Blogging & Giving Credit Where It's Due

The old media Associated Press is again pissing off the new media by asking for credit and compensation for use of the iconic Barack Obama HOPE poster by Shepard Fairey, which is based on a photograph of the president taken in 2006 for the news service.

The street artist's image has resulted in the sale of hundreds of thousands of posters and stickers, while copies signed by Fairey have been sold for big bucks on eBay.

Fairey acknowledges that his poster is based on an AP photo taken in April 2006 by Manny Garcia at the National Press Club in Washington, but disagrees that he should provide credit and pay compensation.

Fairey's attorney argues that fair use protects his right to use the image in any way he wants. Fair use is a legal concept that allows exceptions to copyright law based on, among other factors, how much of the original is used, what the new work is used for and how the original is affected by the new work.

Fairey (right), who carefully cultivates his guerrilla image and has a knack for getting in trouble that is quite intentional, has said he found the Obama photograph using Google Images. That is exactly how I found the image atop this post that I have used to illustrate several articles on post traumatic stree disorder.

I was unable to find the provenance of the image, which I stumbled on quite by accident, but it is now credited to Kiko's House on Google Images and I recently received a request from a psychiatrict practice in Southern California for permission to reproduce it.

As Fairey has shown, that someone would bother to ask to use an image, let alone credit it, seems to be the exception and not the rule.
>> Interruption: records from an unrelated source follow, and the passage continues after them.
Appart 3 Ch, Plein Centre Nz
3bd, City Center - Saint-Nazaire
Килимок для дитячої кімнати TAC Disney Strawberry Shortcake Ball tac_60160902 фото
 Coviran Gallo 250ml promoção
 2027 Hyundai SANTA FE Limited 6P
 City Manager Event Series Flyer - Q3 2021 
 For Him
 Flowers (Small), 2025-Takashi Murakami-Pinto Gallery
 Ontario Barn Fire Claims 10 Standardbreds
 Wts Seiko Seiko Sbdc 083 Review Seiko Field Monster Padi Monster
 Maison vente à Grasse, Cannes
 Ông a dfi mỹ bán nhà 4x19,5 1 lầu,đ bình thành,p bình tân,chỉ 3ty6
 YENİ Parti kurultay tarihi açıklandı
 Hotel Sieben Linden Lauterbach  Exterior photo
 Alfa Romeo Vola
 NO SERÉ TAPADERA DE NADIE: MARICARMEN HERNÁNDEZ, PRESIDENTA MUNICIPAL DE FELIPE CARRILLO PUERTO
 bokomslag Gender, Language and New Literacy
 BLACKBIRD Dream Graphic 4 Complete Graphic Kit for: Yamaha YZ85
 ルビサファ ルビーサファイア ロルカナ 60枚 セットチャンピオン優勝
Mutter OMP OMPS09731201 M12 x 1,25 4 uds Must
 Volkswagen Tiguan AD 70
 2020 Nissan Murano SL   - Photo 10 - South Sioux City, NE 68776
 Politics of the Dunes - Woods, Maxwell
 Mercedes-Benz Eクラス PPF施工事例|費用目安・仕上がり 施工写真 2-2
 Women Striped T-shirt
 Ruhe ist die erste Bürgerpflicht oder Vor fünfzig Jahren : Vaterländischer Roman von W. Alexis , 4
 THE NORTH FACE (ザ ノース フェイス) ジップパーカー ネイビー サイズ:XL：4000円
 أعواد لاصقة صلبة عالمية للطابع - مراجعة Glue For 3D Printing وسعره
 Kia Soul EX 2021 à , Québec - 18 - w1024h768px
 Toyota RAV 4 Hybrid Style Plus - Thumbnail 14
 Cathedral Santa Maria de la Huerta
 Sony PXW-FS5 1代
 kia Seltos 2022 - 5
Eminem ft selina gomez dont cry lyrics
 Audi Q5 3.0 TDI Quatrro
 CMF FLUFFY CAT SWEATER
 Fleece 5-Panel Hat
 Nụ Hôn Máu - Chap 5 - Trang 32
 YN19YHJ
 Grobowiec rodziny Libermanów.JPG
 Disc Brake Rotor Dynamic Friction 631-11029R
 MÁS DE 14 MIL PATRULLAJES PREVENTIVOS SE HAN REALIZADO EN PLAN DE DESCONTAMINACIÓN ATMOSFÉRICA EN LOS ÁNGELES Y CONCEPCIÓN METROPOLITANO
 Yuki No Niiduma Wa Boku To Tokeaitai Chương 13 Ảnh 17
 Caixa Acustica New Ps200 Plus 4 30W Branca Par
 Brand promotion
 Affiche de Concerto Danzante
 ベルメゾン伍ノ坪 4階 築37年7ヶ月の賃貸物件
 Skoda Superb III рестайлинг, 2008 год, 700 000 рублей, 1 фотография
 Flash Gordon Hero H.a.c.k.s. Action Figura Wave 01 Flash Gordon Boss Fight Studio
In fact, many bloggers are blithely disinterested in giving credit where it's due, especially when it comes to images, and the lead writer of one of the better political blogs had the temerity to tell me when I asked him why he didn't use photo credits that he sees no reason to credit the shooters because they got credit when their work was originally published.

This is utter flapdoodle, and if I do not run a credit with large images (as opposed to medium and thumbnail-sized images) it is because I have been unable to determine their source after due diligence.

The AP ruffled delicate online sensibilities last year when it attempted to define standards as to how much of its articles and broadcasts bloggers and Web sites could excerpt without infringing on its copyright.

I happen to come by my view honestly.

That is to say that I have a pretty damned good understanding of copyright law and know a thing or three about libel, as well, after a 35-year newspaper career that included quality time spent in the offices of high-paid newspaper lawyers who were trying to extricate my paper and myself from one legal fix or another.

As it is, the blogosphere is a marvelous work in progress that can resemble the Wild West, and issues such as copyright and libel are only beginning to be acknowledged, let alone ironed out.

So the people who take offense at The AP and even proposed boycotting it after last year's copyright imbroglio need to chill. As well as understand that reaching an accommodation with news organizations that appropriately get huffy about the unauthorized use of their content is in their best long-term interests.

As well as if they insist of throwing temper tantrums they'll get squashed like bugs. And deservedly so.